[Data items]
=== Section Start ===
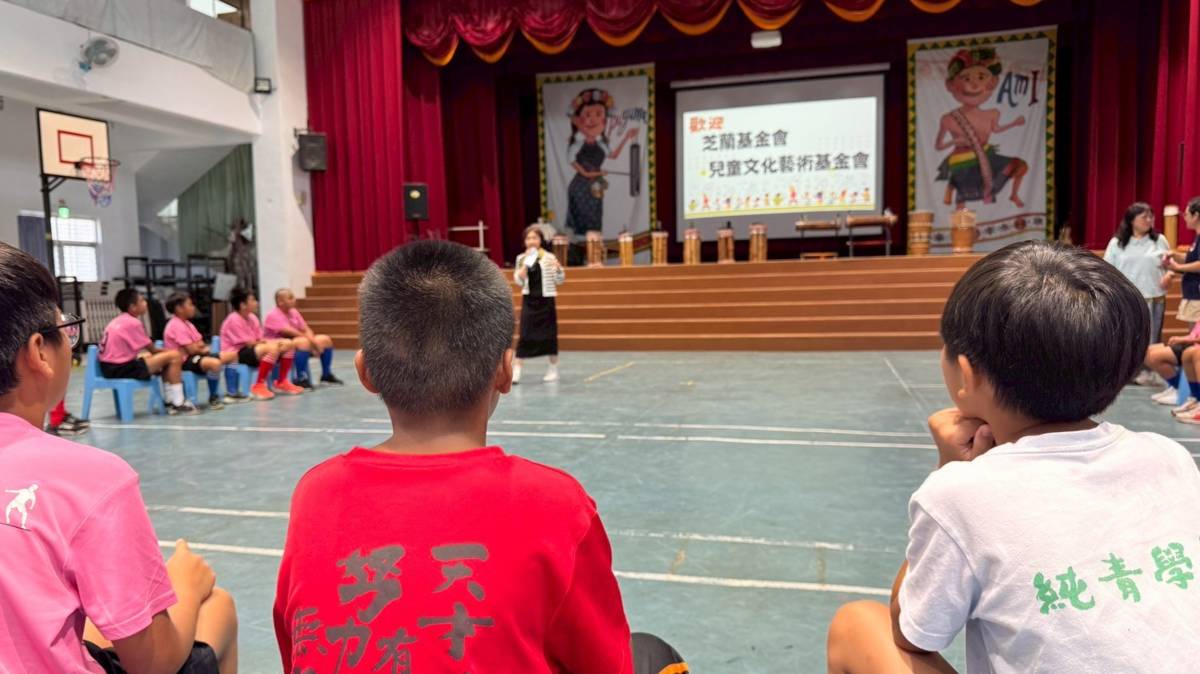 兒童文化藝術基金會執行長盧彥芬以臺東子弟、台北科技大學陳殿禮教授的求學故事勉勵學生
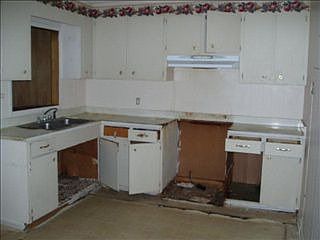 2nd image of 942 Bunche Dr
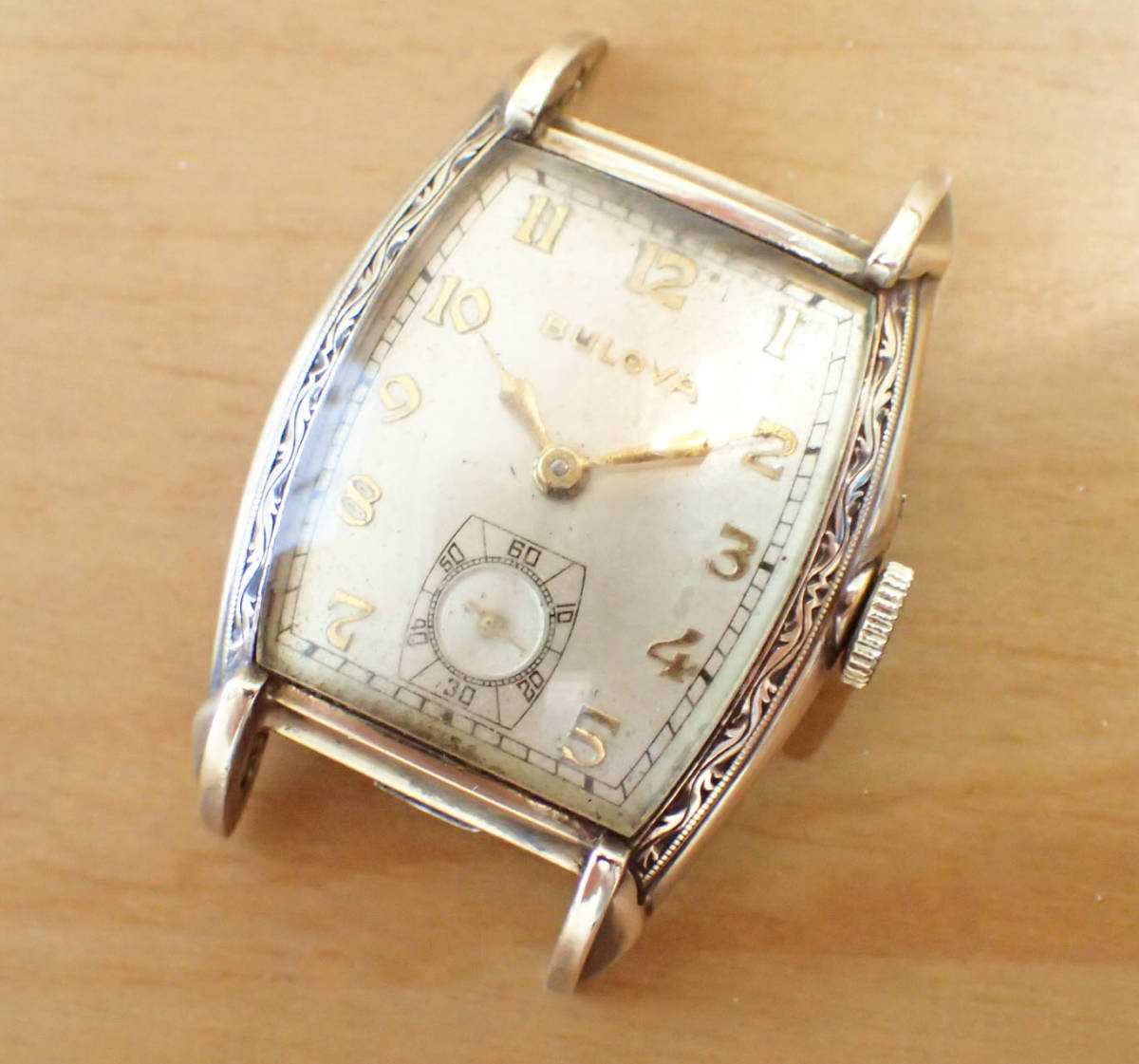  1940年代 BULOVA/ブローバ 10金張 彫刻ゴールドケース Cal.10BC 手巻きアンティーク腕時計(ブローバ)｜売買されたオークション情報、yahooの商品情報をアーカイブ公開 - オークファン ブローバ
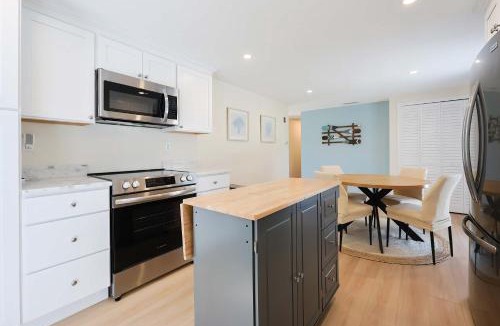 Yarmouth Port House | Prime Weeks Still Available, Renovated, Beaches!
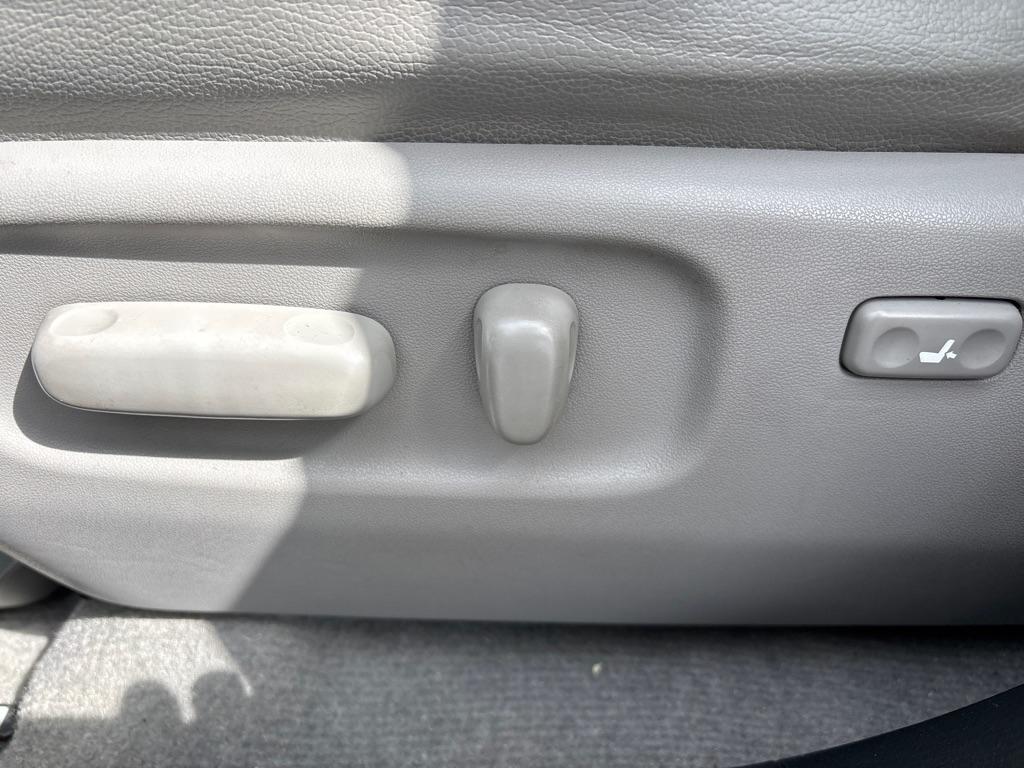 Toyota RAV4  2012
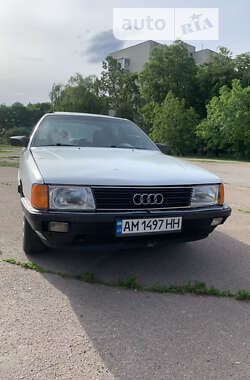 Седан Audi 100 1988 в Житомирі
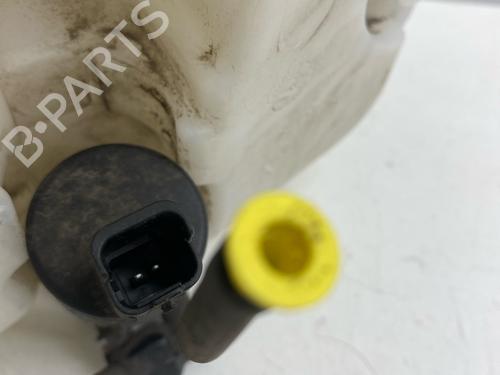 Used Windscreen washer tank Windscreen washer tank 38032383 38032383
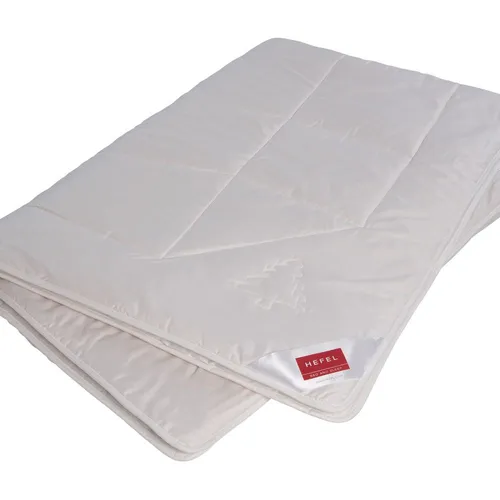 Hefel Wellness Zirbe Ganzjahresdecke - Bettdecken für erholsamen Schlaf mit natürlicher Selbstreinigungskraft. Die Füllung aus Merino-Schafschurwolle und Zirbenflocken sorgt für ein wohliges Raumklima.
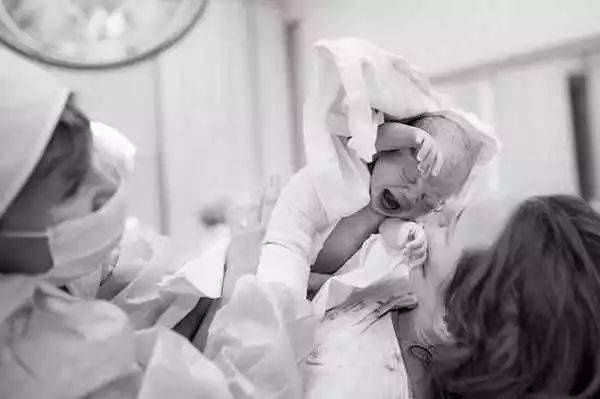 分娩|震撼!实拍产妇分娩全过程,记录新生命诞生的艰辛美好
=== Section End ===
The records above must be repeated exactly, minus their pictures.

 兒童文化藝術基金會執行長盧彥芬以臺東子弟、台北科技大學陳殿禮教授的求學故事勉勵學生
 2nd image of 942 Bunche Dr
  1940年代 BULOVA/ブローバ 10金張 彫刻ゴールドケース Cal.10BC 手巻きアンティーク腕時計(ブローバ)｜売買されたオークション情報、yahooの商品情報をアーカイブ公開 - オークファン ブローバ
 Yarmouth Port House | Prime Weeks Still Available, Renovated, Beaches!
 Toyota RAV4  2012
 Седан Audi 100 1988 в Житомирі
 Used Windscreen washer tank Windscreen washer tank 38032383 38032383
 Hefel Wellness Zirbe Ganzjahresdecke - Bettdecken für erholsamen Schlaf mit natürlicher Selbstreinigungskraft. Die Füllung aus Merino-Schafschurwolle und Zirbenflocken sorgt für ein wohliges Raumklima.
 分娩|震撼!实拍产妇分娩全过程,记录新生命诞生的艰辛美好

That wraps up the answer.